ホンダはメキシコに年産26万台の能力を持ち、15年にはメキシコ製の小型SUV「HR―V」など10万台を米国に輸入した。現地報道によると、八郷隆弘社長は9日、北米国際自動車ショーの会場で記者団に対し、トランプ氏が自動車メーカーのメキシコ生産で批判を強めていることについて「もう少し状況を見て判断していく」と話し、メキシコでの生産体制を直ちに見直さない考えを示した。ただ「米国は非常に重要な市場だ。しっかり投資していく」とも述べ、トランプ氏への配慮をにじませた。
マツダは14年にメキシコ工場を操業。15年度には年20万台生産しうち10万台強を米国で販売した。4日、広島市内で年頭会見をしたマツダの小飼雅道社長は「メキシコで自動車を生産して北米や欧州に供給する当社の戦略に変更はなく、引き続き重要な拠点としてしっかり育てたい」と話している。
地元の米系メーカーの動きは速い。大統領選中からトランプ氏にたびたび名指しで批判されてきたフォード・モーターは年明けに、メキシコ新工場計画を撤回すると発表。その代わりに米ミシガン州の工場に投資する。トランプ氏の圧力に屈した格好だ。
トランプ氏がツイッターでフォードやトヨタを標的にする中で、欧米自動車連合フィアット・クライスラー・オートモービルズ(FCA)は8日、米国工場に10億ドルを投資すると発表した。現在メキシコで生産している大型車を米国内で生産できるようになるとしている。セルジオ・マルキオーネ最高経営責任者(CEO)は9日、同ショーで記者団にトランプ氏がメキシコから米国への輸入車に高い関税を課すことになれば、メキシコでの生産を打ち切る可能性があるとの考えを示した。
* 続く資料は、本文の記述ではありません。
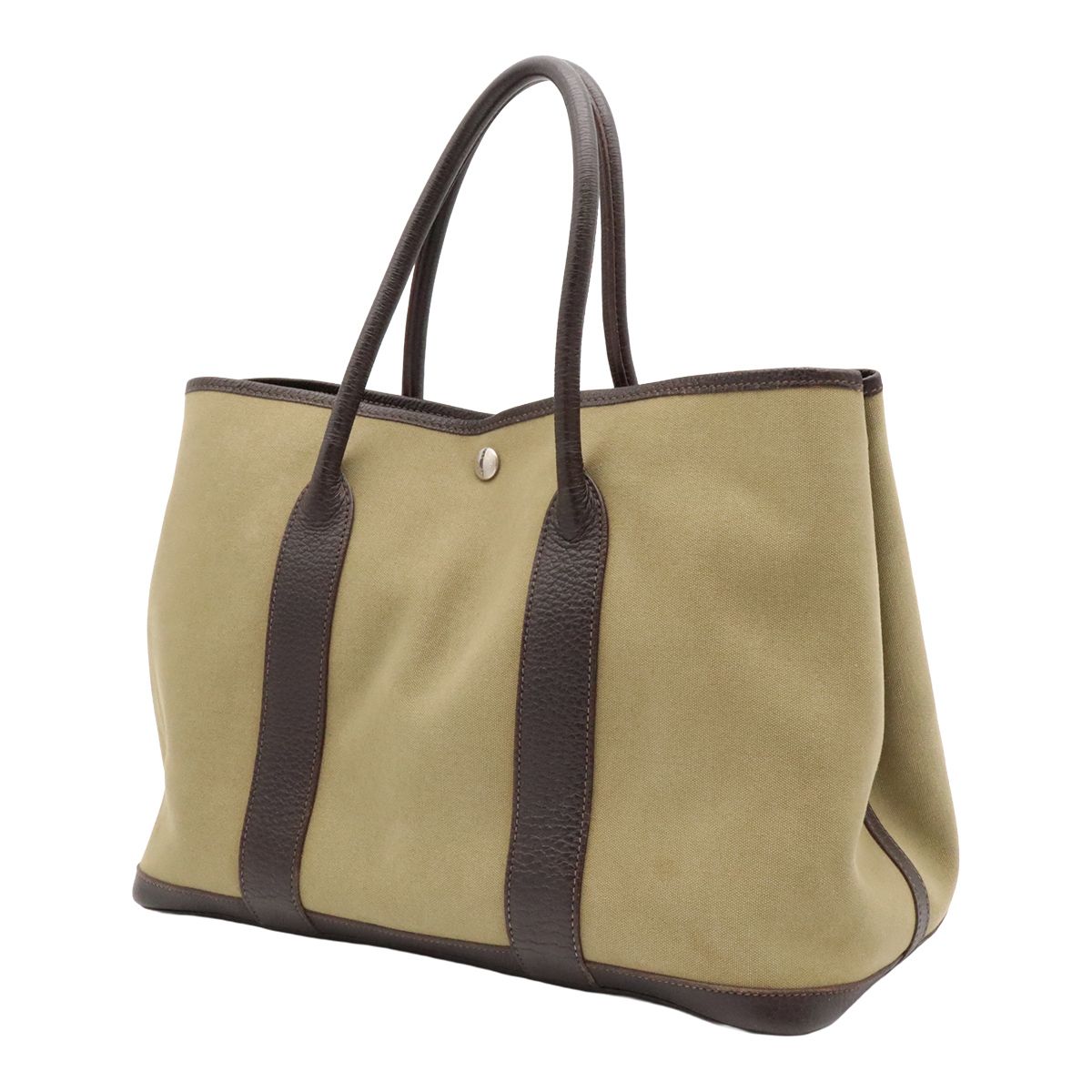 Hermes Garden Party PM Tote Bag Canvas Leather Khaki Dark Brown Silver — view 2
一方、トランプ氏はゼネラル・モーターズ(GM)に対してもメキシコ製車両に高い関税をかけると警告しているが、メアリー・バーラCEOは同ショーで記者団に「多額の投資を伴う長期計画で2年から4年前から進めているものだ」と反論する姿勢を示した。
【【日本からのメキシコ投資は拡大基調】】
自動車業界がけん引し、日本からメキシコへの投資は16年に拡大基調にあった。16年1―9月の投資額は11億ドル(約1265億円)と、すでに15年通年(9億8000万ドル)を上回っていた。中南米の雄であるブラジルが政情不安で景気が低迷。同時期の日本からの投資も約4億ドルにとどまる中、相対的にメキシコの好調さが際立っていた。
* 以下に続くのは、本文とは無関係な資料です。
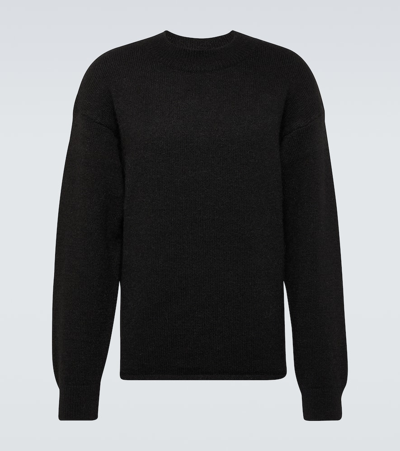 Jacquemus Mens Black Le Pull Brand-knit Alpaca Wool-blend Knitted Jumper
ところが、16年8月の米大統領の選挙期間中に、共和党の候補だったトランプ氏とペニャニエト大統領との会談を主導したビデガライ財務公債相(当時)がメキシコ批判を繰り返すトランプ氏に対する民意の反発を受け辞任。その後、トランプ氏が選挙に勝つと、一転してビデガライ氏は外相に返り咲いた。正式な大統領就任前からメキシコはトランプ氏の言動に振り回されており、こうした状況は当面続きそうだ。